Jasim's father cried out, "But Sar Chaman Sahib—!"

"I have not finished," the old man said, his tone brooking no argument. "Jasim Karani will be given to Bushra Afridi in a *nikah* of blood compensation. He will reside at the Afridi haveli. His movements and major decisions will be subject to Bushra's approval until the fugitive Zaron is captured or killed."

He paused, letting the devastating verdict sink in. Jasim looked as if he'd been physically struck.

"However," Sar Chaman continued, "this is a *nikah* of compensation, not necessarily of consummation or lifelong bond. Once Zaron faces justice, Jasim may choose to annul this union. But until that day, he is bound. The jirga has spoken. The matter is settled."

Settled. With those words, Jasim Karani's life was unraveled. His freedom, his pride, his very identity were legally signed over to the woman whose brother's blood stained the earth.

The Afridi men were stunned into a grudging silence. They had won, but the victory tasted alien, claimed by a woman's will.

As the jirga disbanded, Bushra walked past Jasim. She didn't look at him, but her words were for him alone, a soft, lethal whisper.

"Pack your things, *Khan*. Your new home awaits. And do not worry about your first wife. I am not interested in sharing a bed with you. I am only interested in owning the space above your head."

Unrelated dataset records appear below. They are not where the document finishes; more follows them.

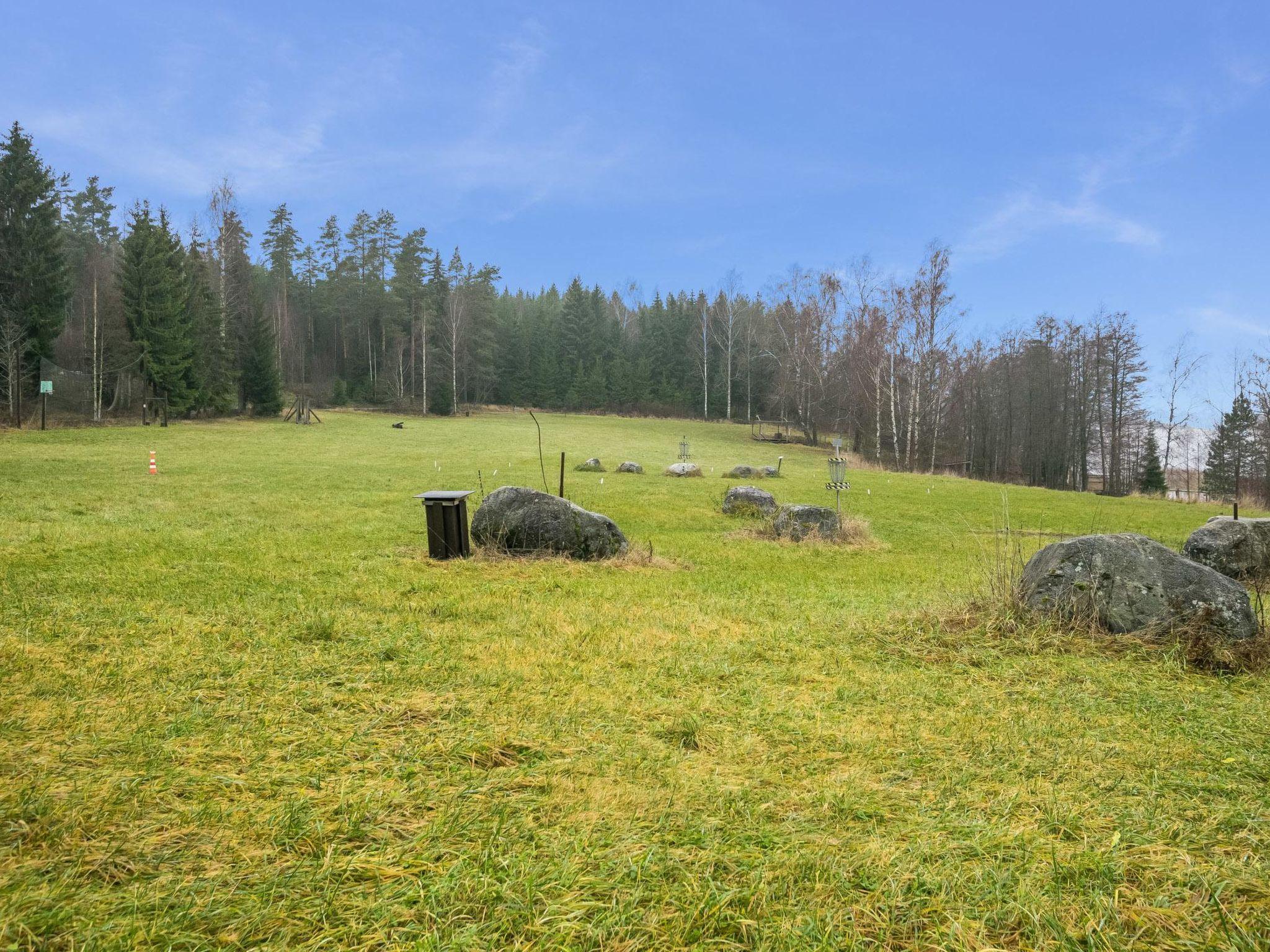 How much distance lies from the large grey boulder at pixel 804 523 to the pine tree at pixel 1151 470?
126ft

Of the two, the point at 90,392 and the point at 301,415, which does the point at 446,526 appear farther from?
the point at 301,415

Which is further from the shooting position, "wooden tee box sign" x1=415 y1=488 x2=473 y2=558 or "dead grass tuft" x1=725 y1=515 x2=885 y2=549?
"dead grass tuft" x1=725 y1=515 x2=885 y2=549

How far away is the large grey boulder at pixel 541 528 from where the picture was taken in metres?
8.77

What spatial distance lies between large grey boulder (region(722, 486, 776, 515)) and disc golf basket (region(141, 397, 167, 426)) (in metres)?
30.4

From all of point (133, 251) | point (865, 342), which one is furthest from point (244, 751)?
point (133, 251)

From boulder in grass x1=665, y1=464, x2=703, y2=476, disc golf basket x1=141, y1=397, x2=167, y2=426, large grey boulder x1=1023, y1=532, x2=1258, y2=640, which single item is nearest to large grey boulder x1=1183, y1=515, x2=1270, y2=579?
large grey boulder x1=1023, y1=532, x2=1258, y2=640

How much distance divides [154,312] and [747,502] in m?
33.5

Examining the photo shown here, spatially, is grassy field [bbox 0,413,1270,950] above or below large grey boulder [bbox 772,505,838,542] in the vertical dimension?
below

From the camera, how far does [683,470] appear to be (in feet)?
74.7

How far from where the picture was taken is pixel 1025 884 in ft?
7.37

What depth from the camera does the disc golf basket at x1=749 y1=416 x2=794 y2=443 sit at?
1842 inches

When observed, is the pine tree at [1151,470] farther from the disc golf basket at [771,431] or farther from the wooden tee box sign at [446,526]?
the wooden tee box sign at [446,526]

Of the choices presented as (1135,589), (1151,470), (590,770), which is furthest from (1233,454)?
(590,770)

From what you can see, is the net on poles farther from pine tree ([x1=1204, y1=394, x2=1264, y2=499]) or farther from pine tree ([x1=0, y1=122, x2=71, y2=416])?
pine tree ([x1=1204, y1=394, x2=1264, y2=499]) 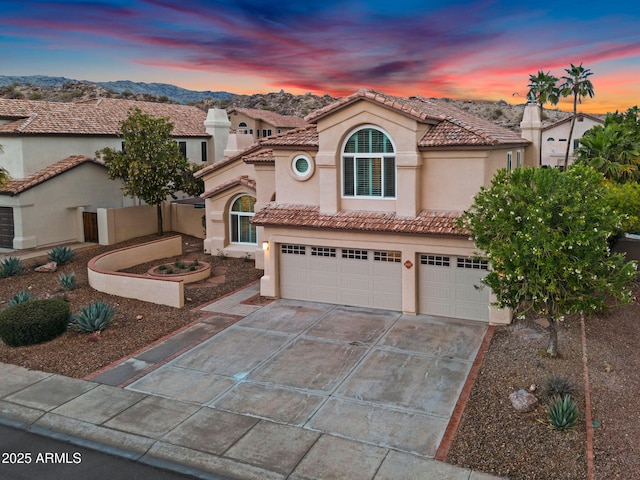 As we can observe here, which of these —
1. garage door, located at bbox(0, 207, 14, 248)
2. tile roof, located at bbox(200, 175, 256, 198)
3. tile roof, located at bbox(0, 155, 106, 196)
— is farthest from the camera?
garage door, located at bbox(0, 207, 14, 248)

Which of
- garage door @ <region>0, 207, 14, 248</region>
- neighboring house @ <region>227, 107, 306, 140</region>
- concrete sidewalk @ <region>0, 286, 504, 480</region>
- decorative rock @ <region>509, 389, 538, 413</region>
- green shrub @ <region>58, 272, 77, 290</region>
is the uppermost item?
neighboring house @ <region>227, 107, 306, 140</region>

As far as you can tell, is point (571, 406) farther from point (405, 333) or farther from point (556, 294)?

Jasim stood rooted to the spot, watching her walk away, a white ghost fading into the darkness. The heat of humiliation burned through him, but beneath it, something else stirred—a fierce, calculating resolve. She thought she had caged a trophy. She had no idea she had just brought a wolf into her home.

He would play her game. He would endure her ownership. But he would find a way to turn her own weapon against her. This was not the end. It was the first move in a new, more intimate, and far more dangerous war.